More than 62 million South Asian people will be forced to migrate from their homes due to climate disasters by 2050: Study
December 18, 2020 02:20 PM NPT
KATHMANDU, Dec 18: More than 62 million South Asian people will be forced to migrate from their homes due to climate disasters by 2050, a new study said on Friday.
The study titled "Costs of climate inaction: displacement and distress migration" carried out by ActionAid International and the Climate Action Network South Asia stated that political failure to limit global warming to below two degrees Celsius, as per the Paris agreement goal, is already driving 18 million climate migrants from their homes in 2020.
The study has estimated that climate migration will treble in South Asia alone, a region badly affected by climate disasters, including floods, droughts, typhoons and cyclones.
The new research which is unveiled coinciding with International Migrants Day has broadened the analysis to incorporate new drivers of climate migration, which include loss of biodiversity and up to date scenarios of sea level rises and global warming.
The research was undertaken by Bryan Jones, one of the authors of the inaugural Groundswell Report on internal climate migration in 2018.
The report has assessed climate-fuelled displacement and migration across five South Asian countries of Bangladesh, India, Nepal, Pakistan, Sri Lanka, and calculated a devastating likelihood of more than 60 million people being homeless and displaced by 2050 in South Asia alone.
This is almost as many people as are forced from their homes globally due to war and conflict, raising the alarm that climate can no longer be overlooked as a major factor driving displacement.
Climate migration could easily surpass conflict as a driving force of displacement if political leaders continue to renege on their commitments to reducing greenhouse gas emissions in line with the Paris Agreement.
Communities can be resilient to climate change, slow onset climate disasters, such as sea-level rise, drought, failed harvests and loss of biodiversity, but this takes money and political will.
The study calls for strong leadership and ambition from developed countries to cut emissions and support for developing countries to adapt to climate change and recover from climate disasters.
It has also recommended a holistic approach that places the onus on rich countries to provide support and urges developing countries to scale up efforts to protect people from climate impacts.
The study also revealed that in all five South Asian countries, women are left dealing with the negative fallout from climate migration.

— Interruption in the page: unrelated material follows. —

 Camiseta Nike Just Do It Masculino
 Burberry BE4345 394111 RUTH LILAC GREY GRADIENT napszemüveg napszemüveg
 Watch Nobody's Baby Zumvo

They are left behind to take care of household chores, agricultural activities, look after children and elderly and manage livestock, it said.
Women who migrate to urban settlements are often then forced to take up work in precarious settings where workers' rights violations are rife.
"The work we have done here represents a deeper dive of the type Groundswell was meant to inspire, focusing the attention on to specific locations that are likely to experience major climate related disasters," Bryan Jones, an assistant Professor at the Marxe School of Public and International Affairs, Baruch College, has been quoted as saying by Indo Asian News Service.
International Migrants Day today
International Migrants Day is observed annually on 18 December. According to the UN, migration is a global phenomenon driven by multiple forces including aspirations for dignity, safety and peace.
On 4 December, 2000, the United Nations General Assembly, taking into account the ever-increasing number of migrants in the world, proclaimed 18 December as International Migrants Day.